Currently, if for instance, a server is killed the client receives a COMM_FAILURE then the transport is closed down and the GIOP layer is kept 'open'. However, the problem is that with this scenario we get a ClientMessageReceptor thread stuck in receive messages loop. Of course, if the client object is _release'd this would go away. If the GIOP connection is closed in ClientGIOPConnection::closeAllowReopen i.e. close() is called (after being called from streamClosed) then the thread is released into the pool and the transport and giop layer are closed down. However, this does not negate the possibility of calling the client object again - it should simply attempt to call the server again, reopening the connection/transport if required. There appears to be a trade-off here between object creation/gc versus threads. If the client does not call release, it can cause thread pool exhaustion as many threads are simply locked up waiting.
Fixed on master by 0b9f406a288dcba2fe3cd4a6bcadcf8c412a9559 and branch by 8ce56ede8b404bf6c37e21fa31c4ac55c9976853
Created attachment 456 [details] example of failure raised by this bug fix The attached patch modifies the hello demo to illustrate a negative side effect to the current fix for this bug. Given a server listening on a specific endpoint, a client will hang indefinitely if the server dies and is restarted while the client is still running.

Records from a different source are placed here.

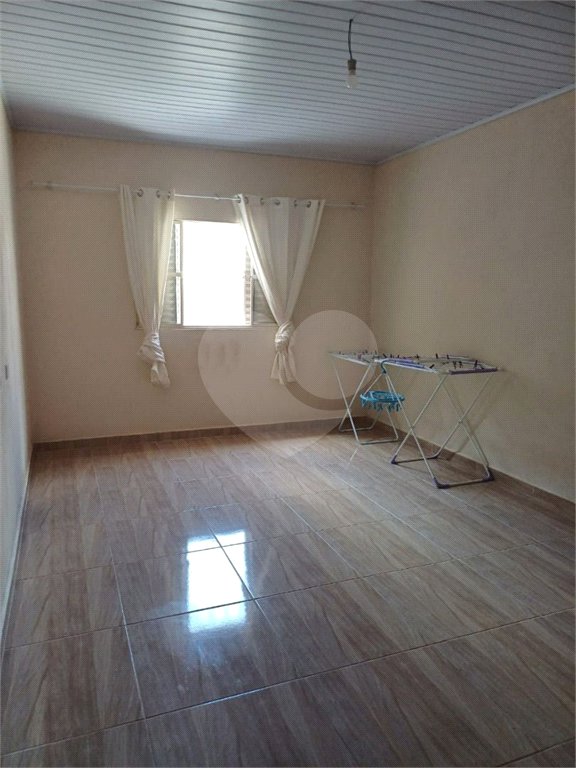 Casa à venda com 3 quartos, sendo 1 suíte, em Jardim Vinhas do Sol (mailasqui), São Roque, SP
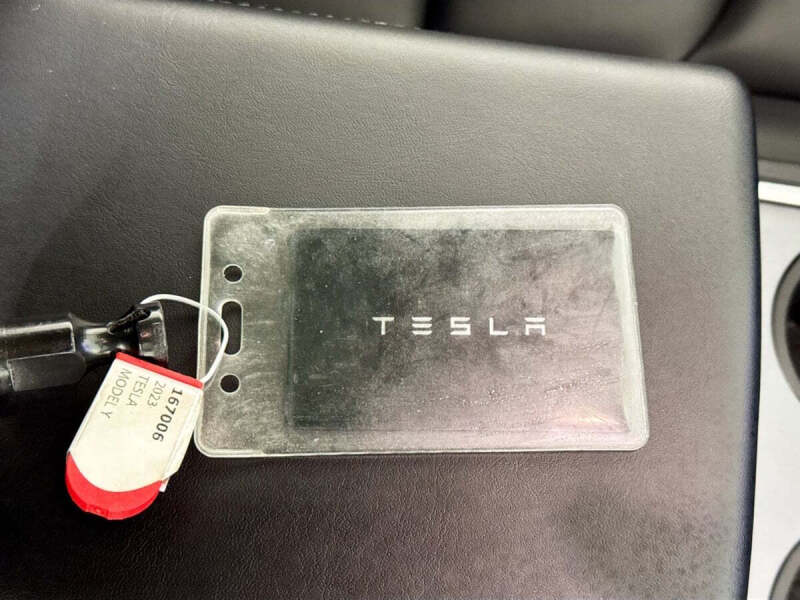 2023 Tesla Model Y Long Range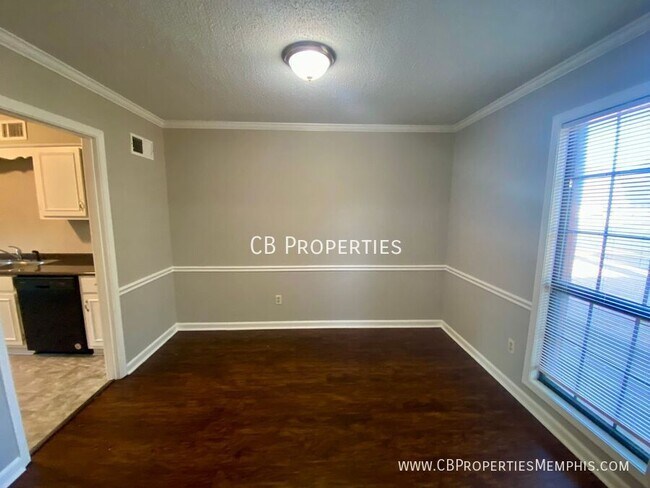 Building Photo - 7115 Crestridge Rd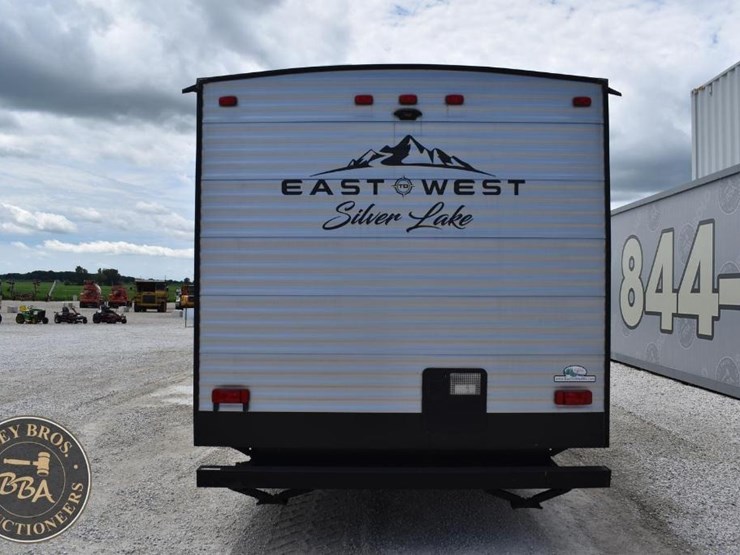 2021-east-to-west-silver-lake-27kns-46270-image-4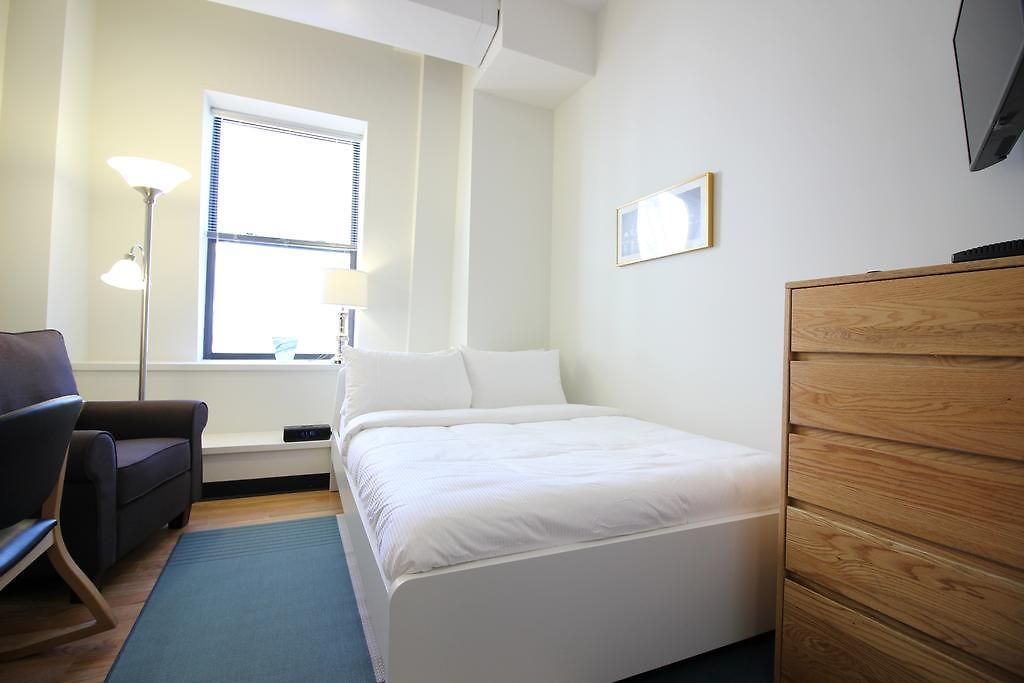Temple Place Apartment *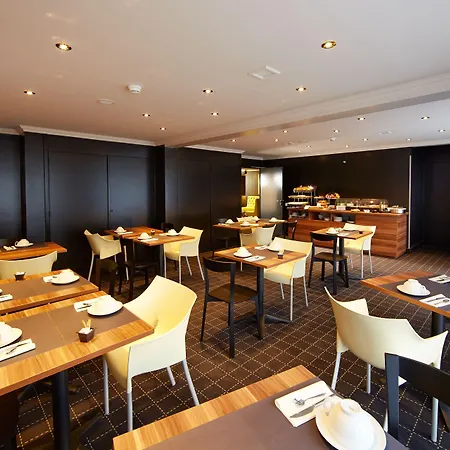 Hotell Western Atrium 4*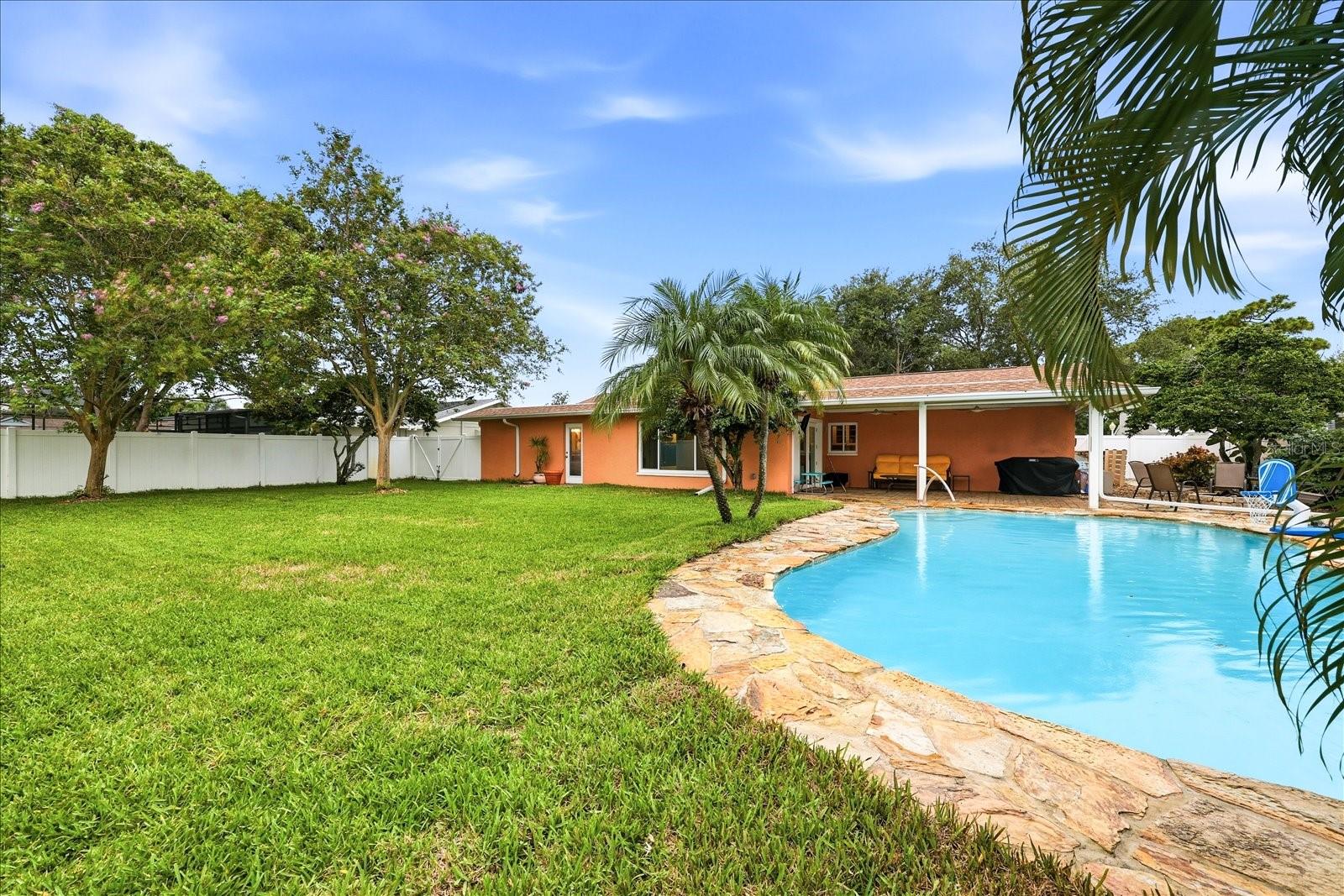 8805 KENWOOD RD — photo 33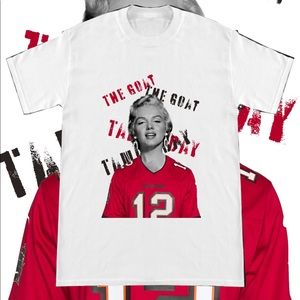 Vintage Graffiti Marilyn Monroe Wearing Tom Brady Tampa Bay Buccaneers Jersey
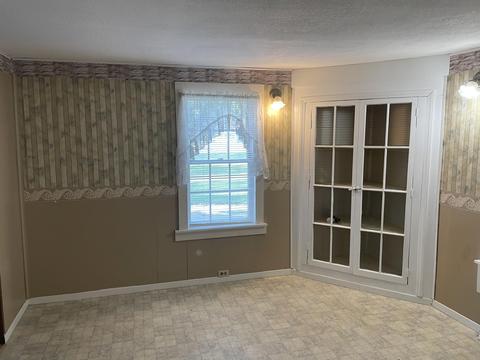 129 Phillips St, Colon, MI 49040 photo 5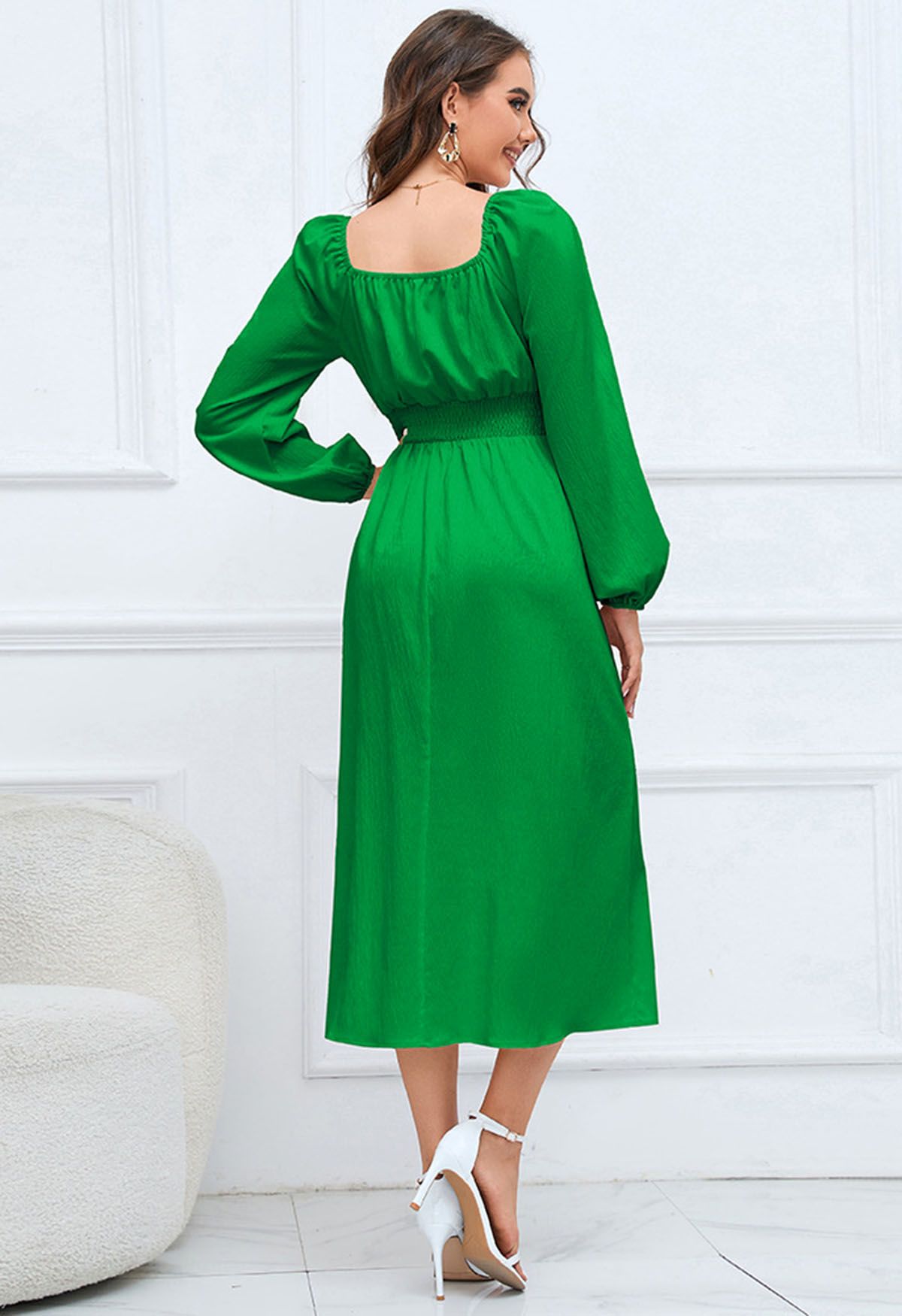 Robe mi-longue nouée sur le devant à col en cœur, vert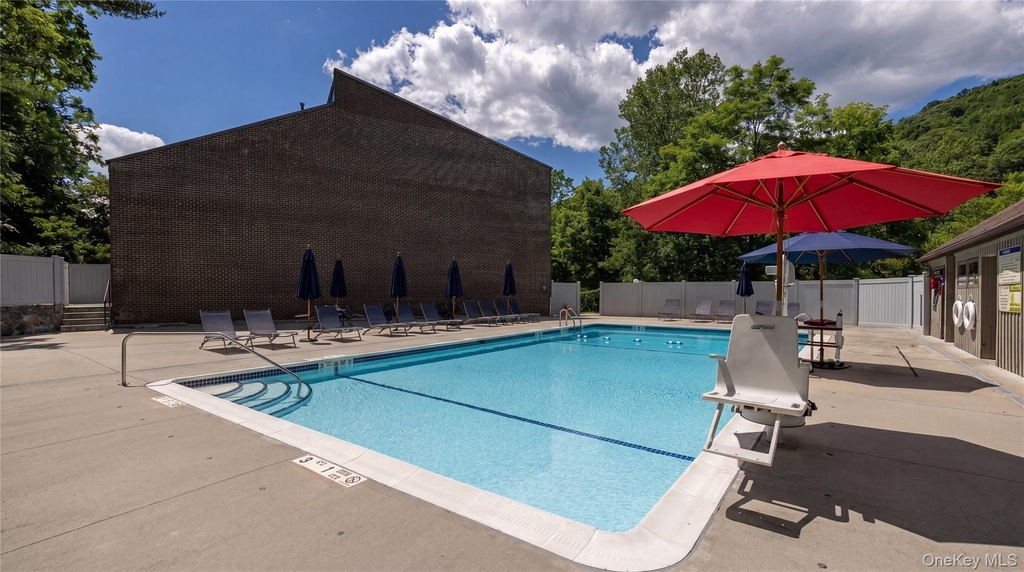 359 N Greeley Avenue - Photo 19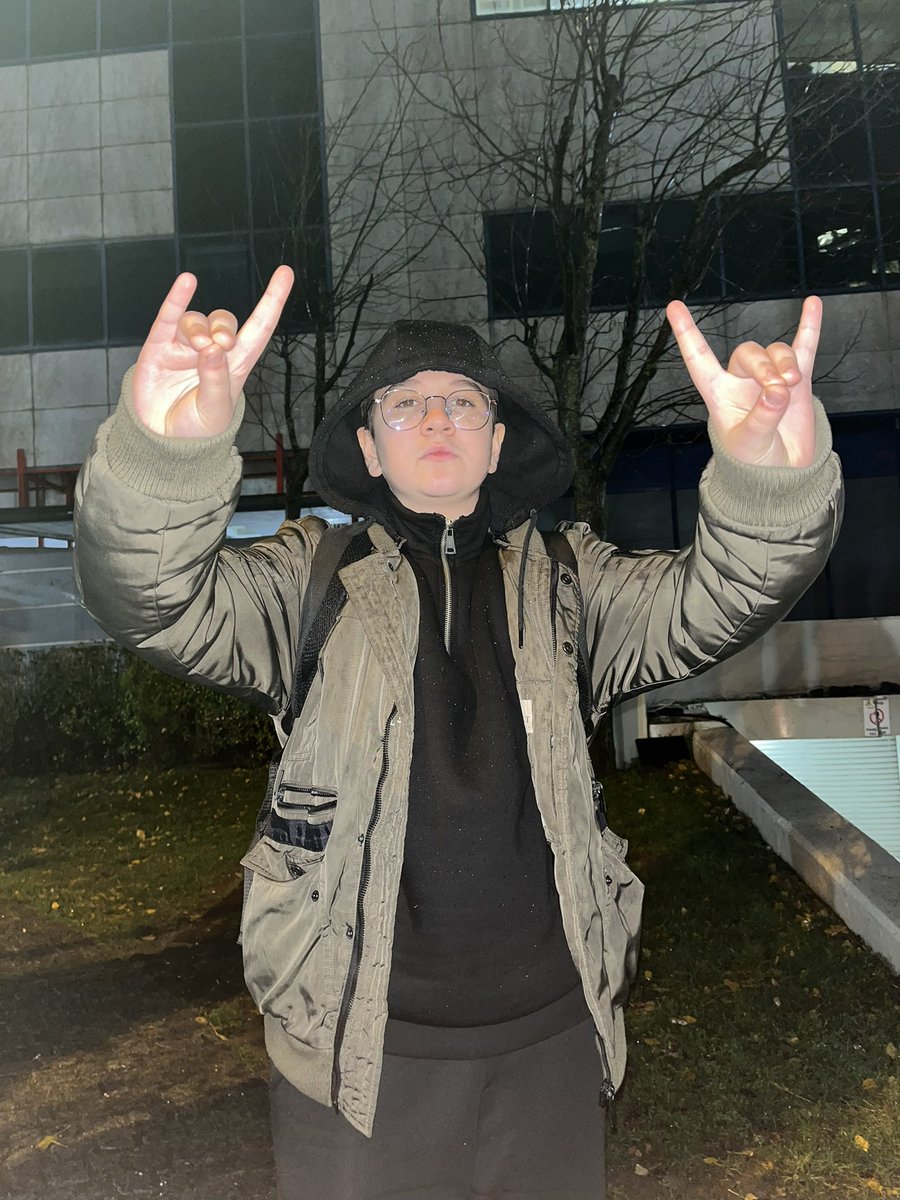 Magnificence tweet media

It seems that when "disconnect_after_systemexception" is true, the thread in GIOPConnection.receiveMessages exits but later after a new connection is established no thread reenters receiveMessages so the server's reply message is never received and the client is hung. My test has to be run by hand, use separate command lines for client and server. cd demo/hello jaco -cp target/classes org.jacorb.demo.hello.Server hello.ior and cd demo/hello jaco -cp target/classes org.jacorb.demo.hello.Client hello.ior While the client is sleeping, kill and restart the server. Observe the client hangs after sending the request. Note that uncommenting Client.java line 43: // p.setProperty ("jacorb.connection.client.disconnect_after_systemexception", "false"); allows the client to recover.
reopening as there is still an issue here.
Discussing with Phil - might need a patch in ClientConnectionManager
Fix 932cf57c941d6794e180fd69272fbfc46b38d5d9 applied.